Elle a noté que les efforts pour changer le gouverneur de la Banque centrale se poursuivent. Le Conseil de la présidence libyenne a récemment pris la décision de nommer un nouveau gouverneur et de former un conseil d'administration, ce que la Chambre des représentants a rejeté.

« Ces efforts sont alimentés par le sentiment que la Banque centrale n'agit pas de manière transparente et avec une gouvernance équitable à la fois à l'est et à l'ouest en termes d'allocation des ressources », a affirmé la représentante onusienne pour le pays.

Vers la désescalade et le dialogue

Mme Koury a indiqué que la MANUL et les États membres de l'ONU travaillaient activement à désamorcer la situation.

« Dans un premier temps, la MANUL s'efforce de faciliter une désescalade générale et propose des pourparlers pour développer un ensemble de mesures de confiance entre toutes les parties afin de mettre fin aux actions unilatérales et de créer un environnement plus propice à la reprise du processus politique », a indiqué la cheffe par intérim de la MANUL.

Ces mesures viseraient, entre autres, à mettre fin aux actions unilatérales et à s'y engager, à rétablir la confiance dans la Banque centrale, à veiller à ce que les actions des acteurs militaires et de sécurité soient coordonnées de manière à prévenir la mobilisation et les craintes, entre autres.

Les Libyens frustrés et craintifs

Entre-temps, les Libyens sont frustrés par le statu quo qui règne dans leur pays et par les conséquences qu'il a sur leur vie.

Faire avancer le processus politique, tout en maintenant la stabilité, est la principale priorité...Je compte sur votre soutien pour aller de l'avant

« Nombreux sont ceux qui craignent que la guerre n'éclate à nouveau à l'occasion d'affrontements entre groupes armés. Ils craignent également de ne pas pouvoir s'exprimer, de ne pas pouvoir partager leurs opinions politiques dans un espace exempt de menaces. Les jeunes ne voient pas d'avenir, sauf celui d'essayer de partir. Cette situation n'est pas acceptable », a estimé Mme Koury.

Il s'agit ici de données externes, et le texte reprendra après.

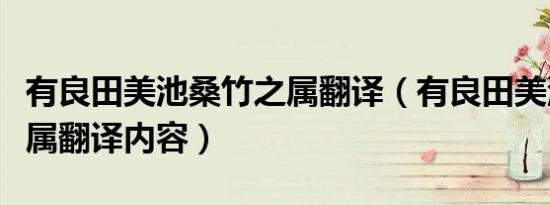 有良田美池桑竹之属翻译（有良田美池桑竹之属翻译内容）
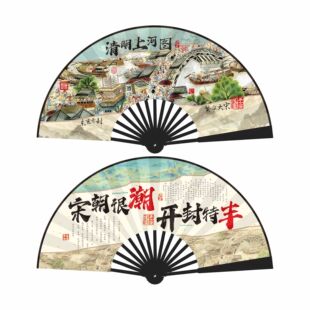 10���_����L���^�� ���Z�������� �V�澰�^���u���� �Ї��L����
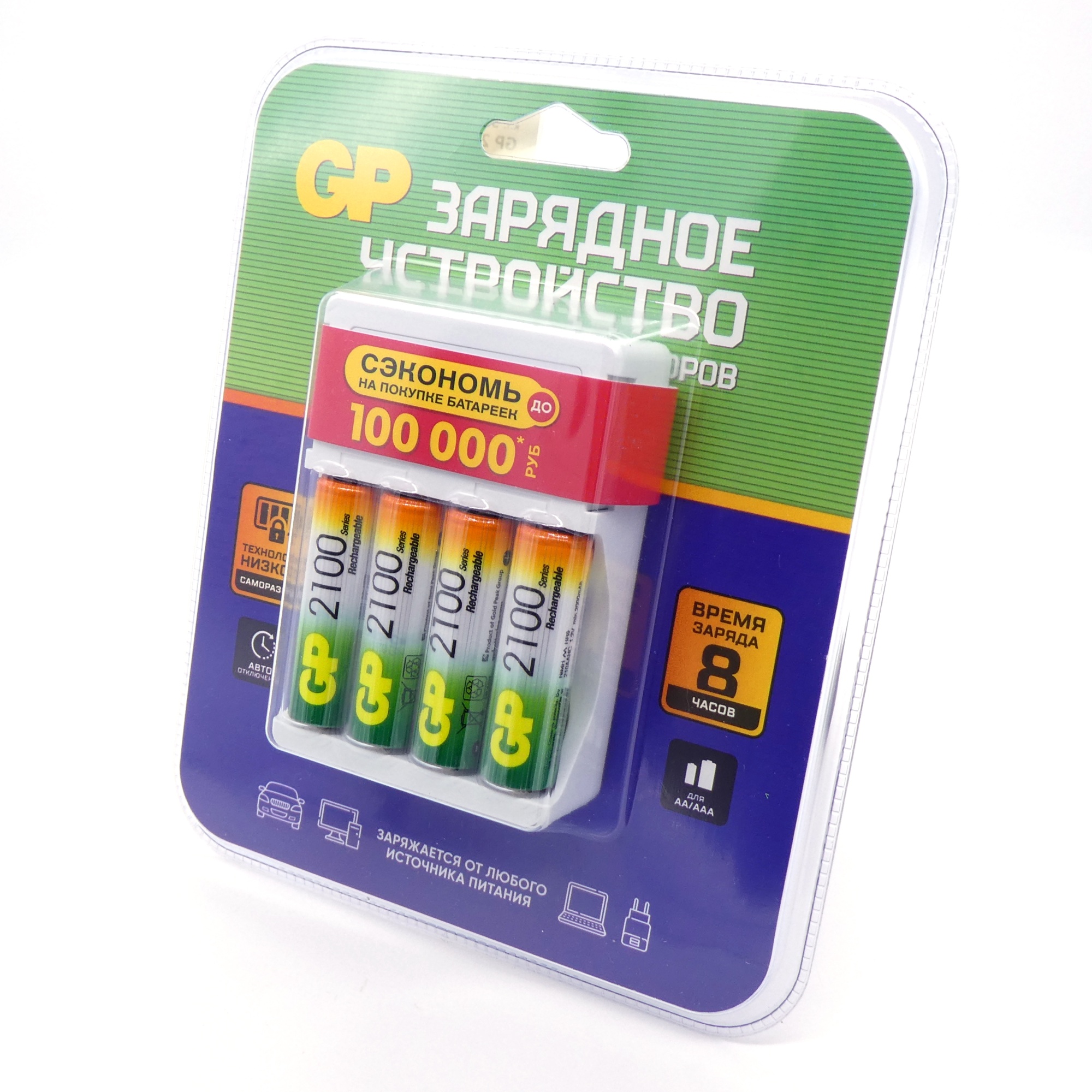 GP 210AAHC/CPBR-2CR4 - Зарядное устройство для аккумуляторов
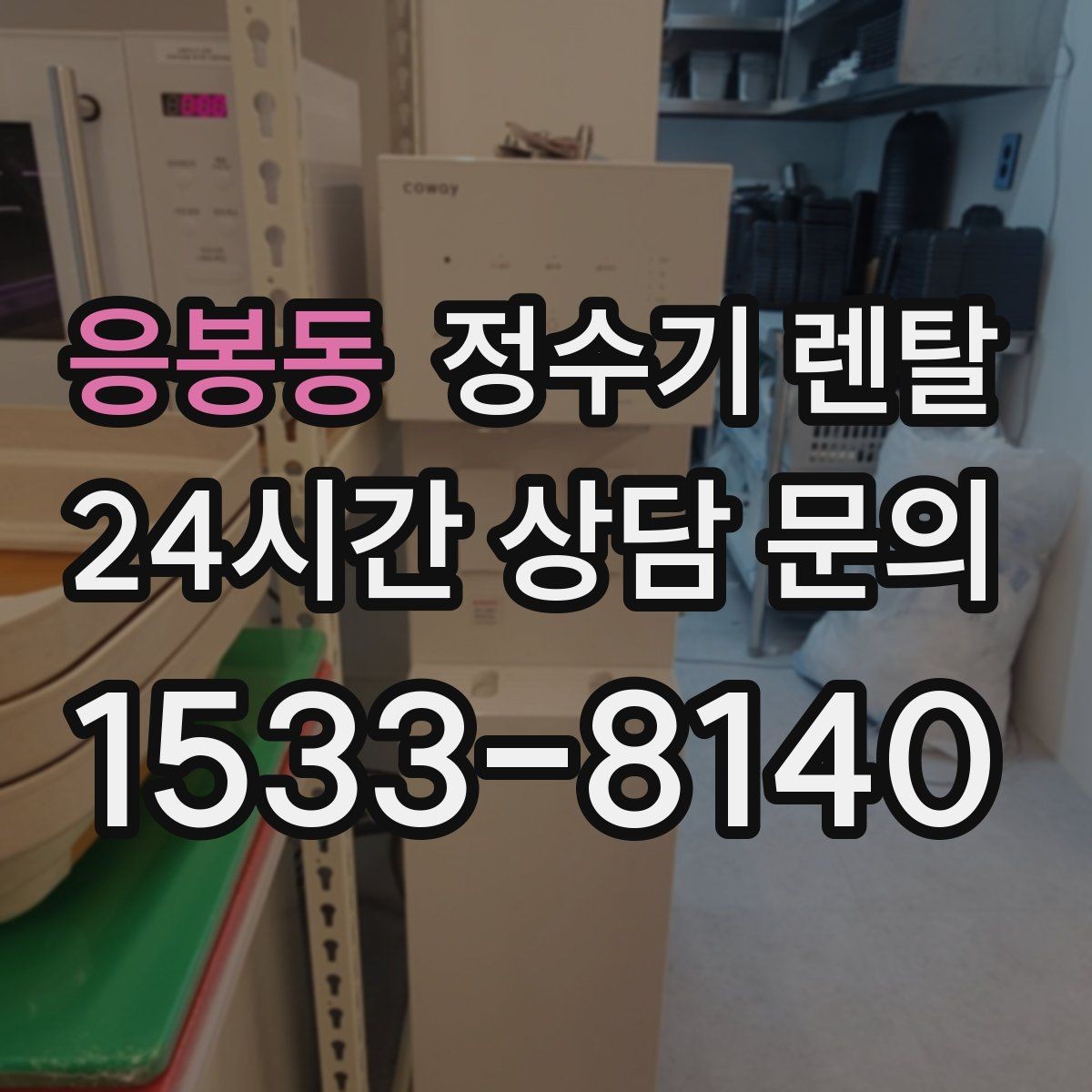 응봉동 정수기 렌탈 정수기 물이 떫게 느껴지면 필터를 의심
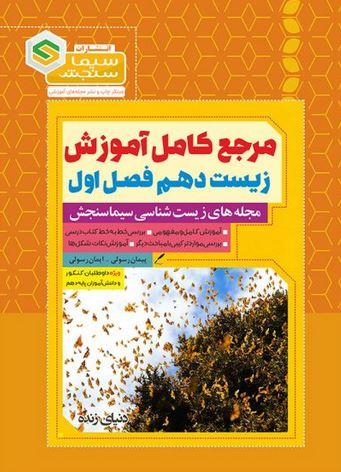 عکس مرجع کامل آموزش زیست شناسی دهم فصل اول دنیای زنده سیما سنجش
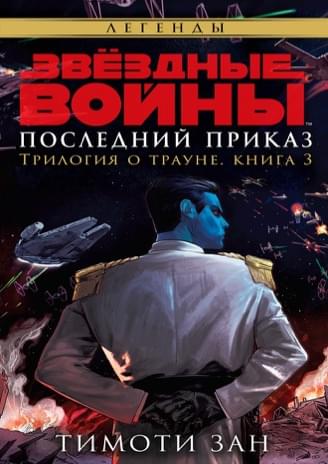 Обложка книги «Последний приказ»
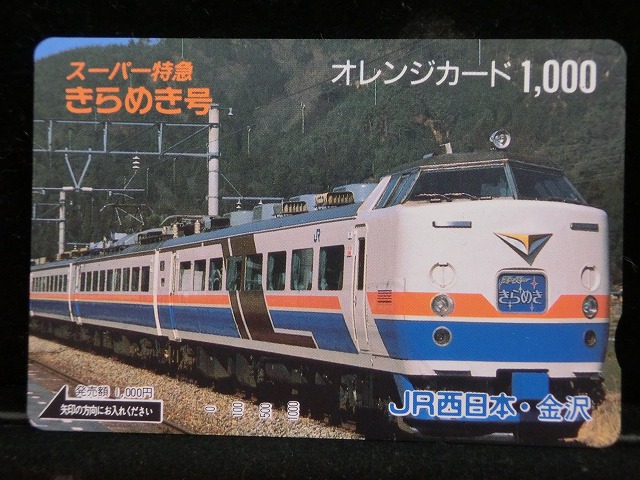 1000013803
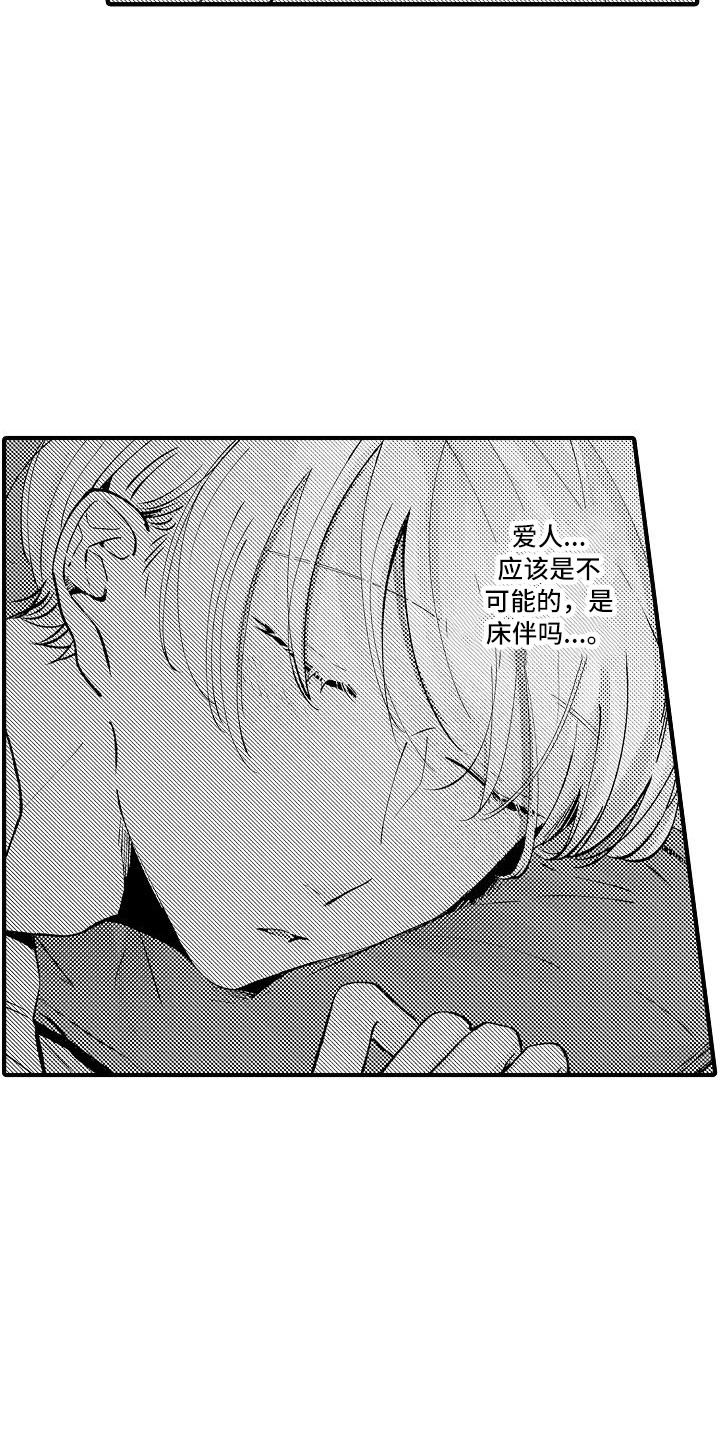 垃圾场的虫子漫画,第17章：发呆4图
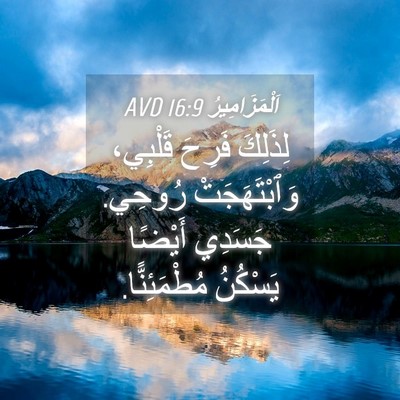 Picture 04 - اَلْمَزَامِيرُ 16:9 AVD - لِذَلِكَ فَرِحَ قَلْبِي، - Bible Verse Picture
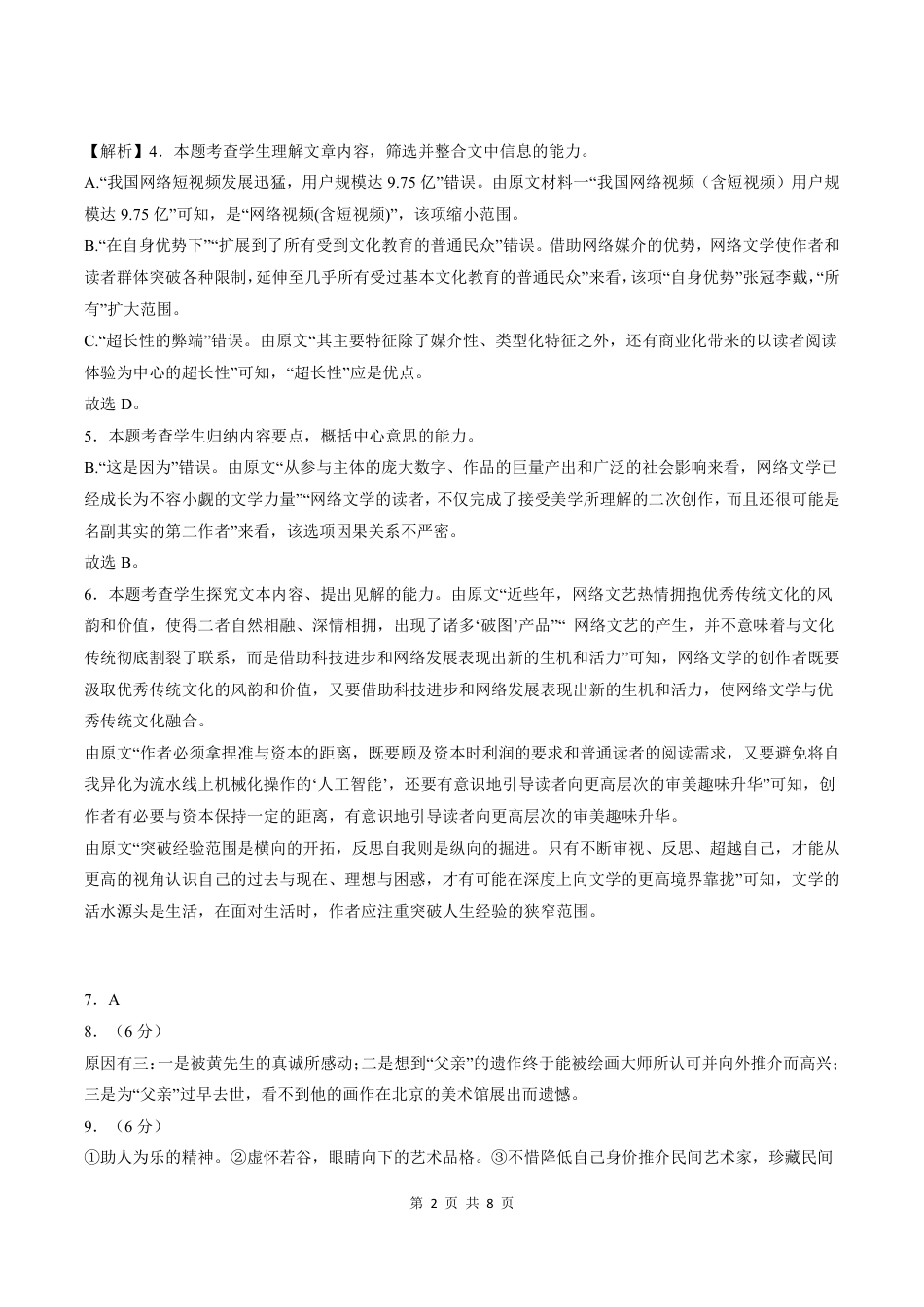 高三语文上学期期中测试B卷-解析版.pdf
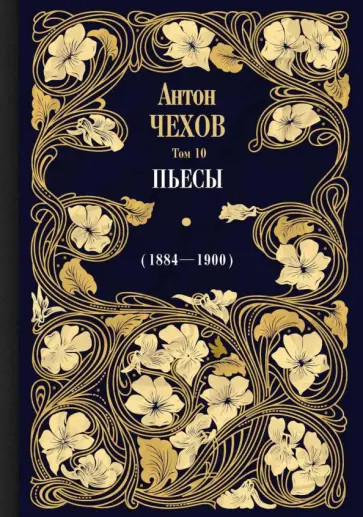 Антон Чехов - Пьесы (1884-1900). Том 10 обложка книги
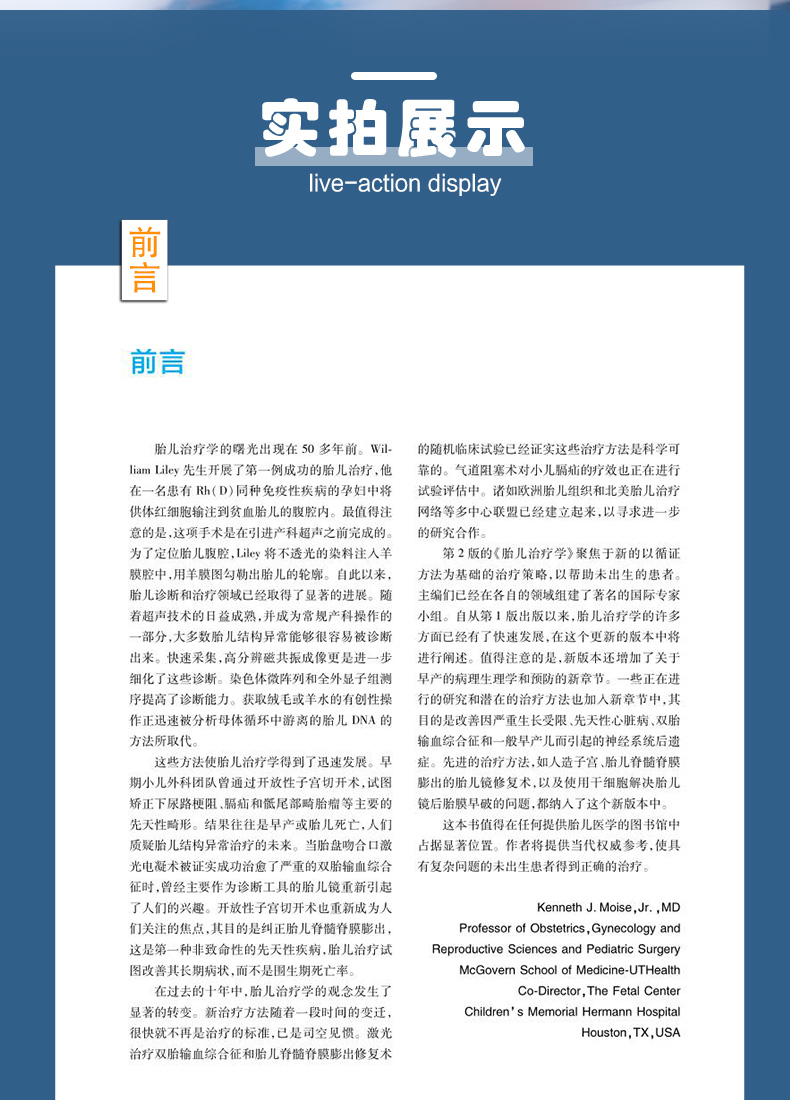 9787117332460-胎儿治疗学详情_04.jpg
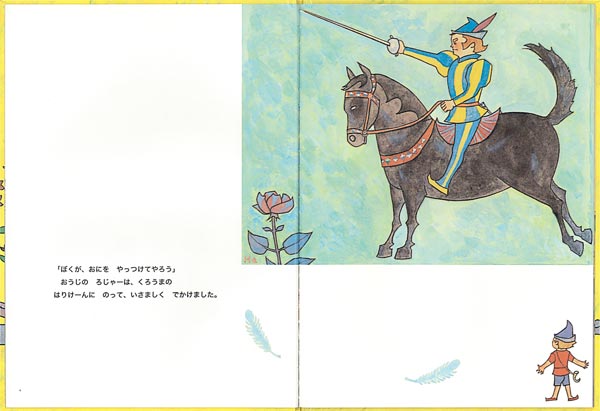 ڤˤΤˤʤɤΤȤ⳨ܡ[ǡɡS]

Elle a indiqué au Conseil que la MANUL jouait son rôle de bons offices en s'attachant à contribuer à la désescalade des tensions, à préserver la stabilité et à favoriser les mesures de confiance, ainsi qu'à préparer l'organisation de pourparlers politiques sous l'égide de la Libye.

« Faire avancer le processus politique, tout en maintenant la stabilité, est la principale priorité de la MANUL », a-t-elle déclaré aux ambassadeurs, ajoutant « Je compte sur votre soutien pour aller de l'avant ».

Les élections locales progressent

Malgré le contexte difficile, les élections locales progressent et devraient avoir lieu à la mi-octobre.

Environ 210.000 personnes se sont inscrites sur les listes électorales et la distribution des cartes d'électeurs, ainsi que l'inscription des candidats, ont commencé le 18 août.

« Malheureusement, le taux de participation des femmes reste relativement faible, puisqu'elles ne représentent que 30 % des électeurs inscrits », a informé Mme Koury.

« Je crains également que la participation des femmes en tant que candidates soit faible », a-t-elle ajouté, appelant à des mesures plus proactives pour affronter les « nombreux obstacles » auxquels elles sont confrontées, allant de l'intimidation, à la violence en ligne et aux attaques verbales.

© UNICEF/Giovanni Diffidenti
Les ruines d'un entrepôt d'armes à Tripoli, en Libye. (archives)

Groupes extrémistes et le crime organisé demeurent présents

Abordant d'autres questions, Mme Khoury a déclaré que les organisations extrémistes maintenaient leur accès et leur présence en Libye en tirant parti de leurs liens avec le crime organisé local et transnational.

Cette relation croissante est d'autant plus préoccupante que des armes seraient entrées dans le pays, en violation d'un embargo sur les armes.

Sur le plan humanitaire, elle a indiqué que les inondations survenues dans le sud-ouest de la Libye le 16 août ont entraîné le déplacement d'environ 5.800 personnes. L'équipe de pays des Nations Unies a réagi en envoyant des fournitures humanitaires, en coordination avec les autorités.

Le nombre de réfugiés soudanais en Libye a également augmenté pour atteindre 97.000 personnes, suite au déclenchement de la guerre en avril 2023. La plupart d'entre eux arrivent à Al-Kurfa, où ils sont confrontés à des conditions difficiles. Aussi, le plan des Nations Unies pour les réfugiés n'est financé qu'à hauteur de 21 pour cent.